• _YOUR OBJECTIVE_: Copy each line below word for word and drop every image.

• _DATA SHOWN_:
[Start of section]

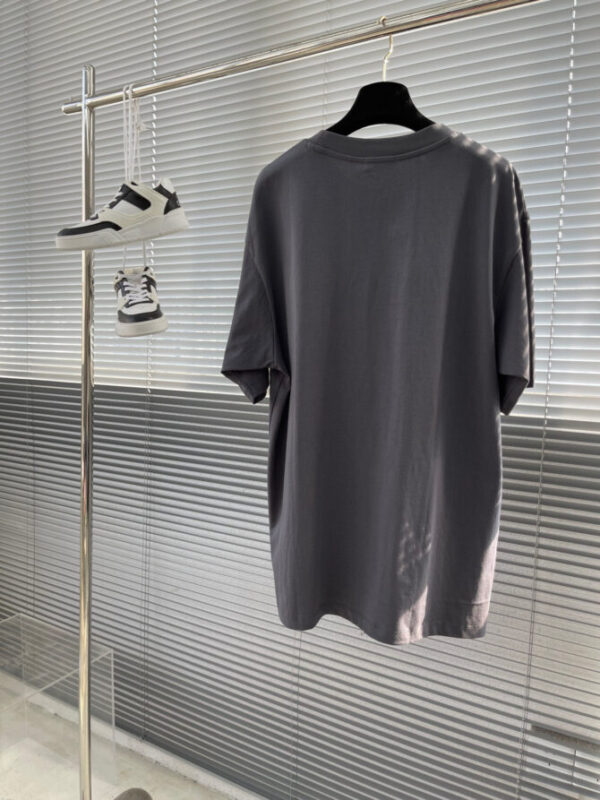 Prada T-Shirt - Image 2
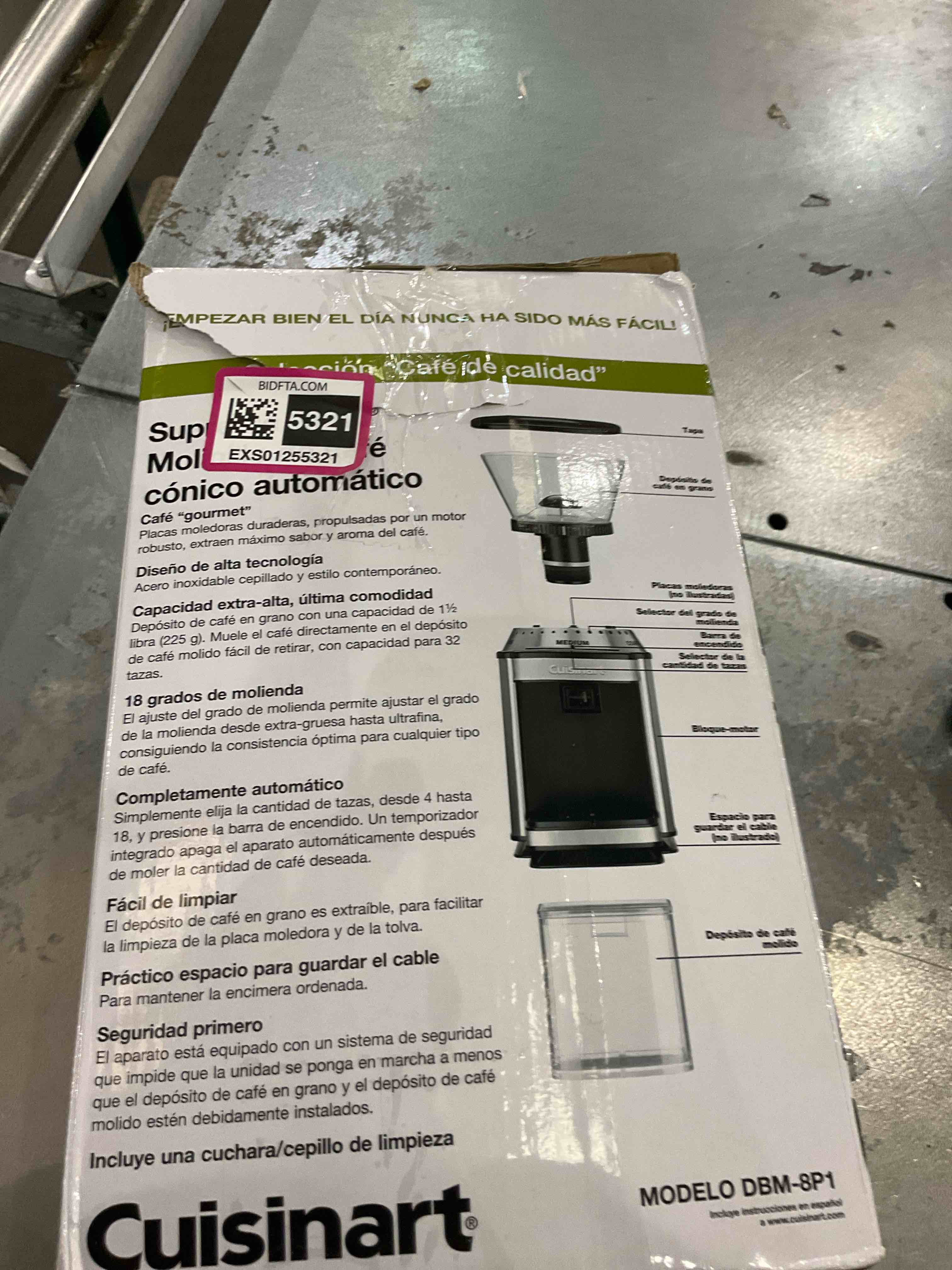 https://s3.amazonaws.com/lotting-images-prod/BargainHunt/EXS01255321_1712068806208.jpeg
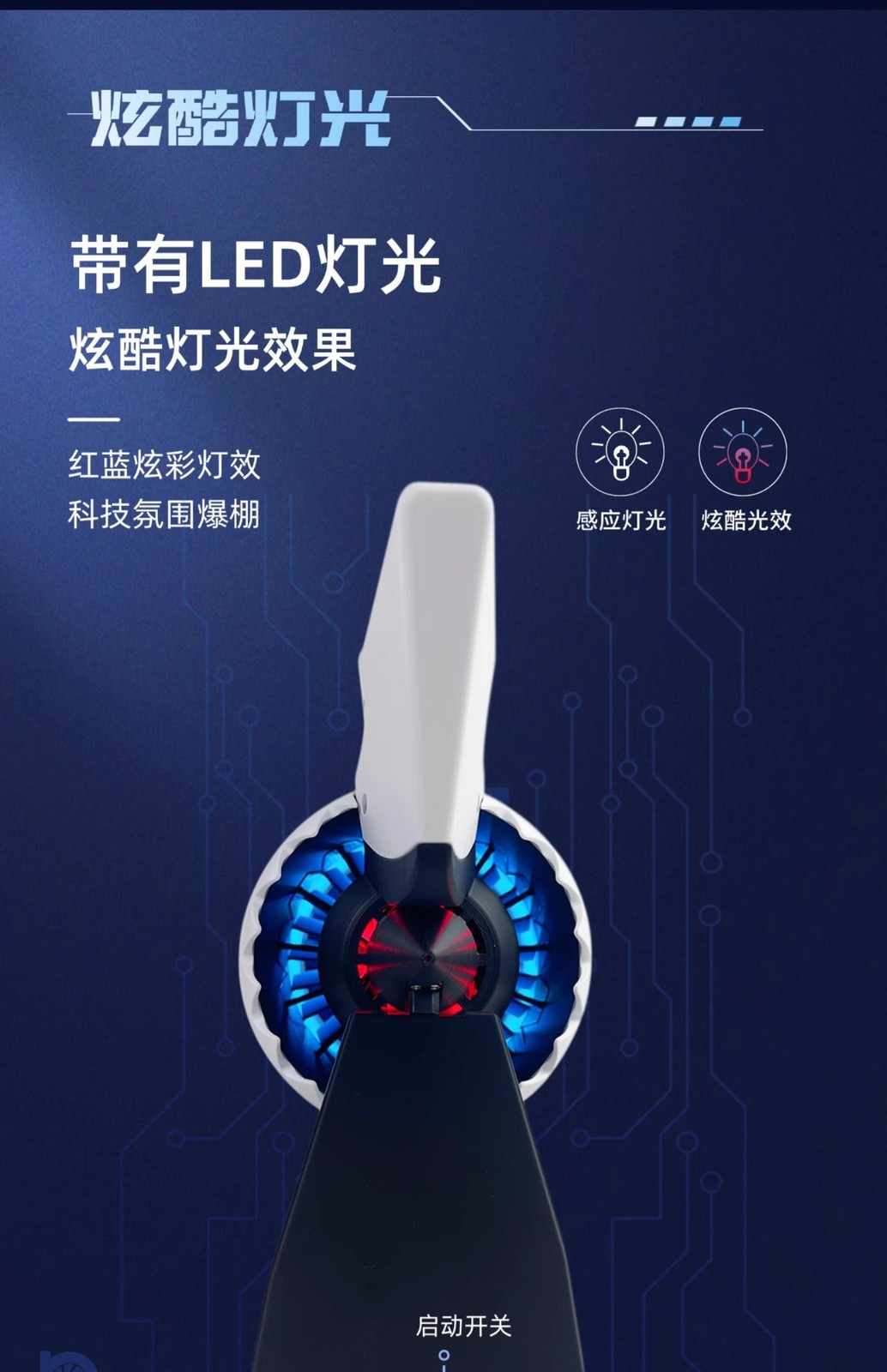 1/24 Mini C919 CFM-LEAP 1B Aviation Electric Aircraft Engine Finished Model Gift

[End of section]

• _ANSWER TO THIS PROBLEM_:
 Prada T-Shirt - Image 2
 https://s3.amazonaws.com/lotting-images-prod/BargainHunt/EXS01255321_1712068806208.jpeg
 1/24 Mini C919 CFM-LEAP 1B Aviation Electric Aircraft Engine Finished Model Gift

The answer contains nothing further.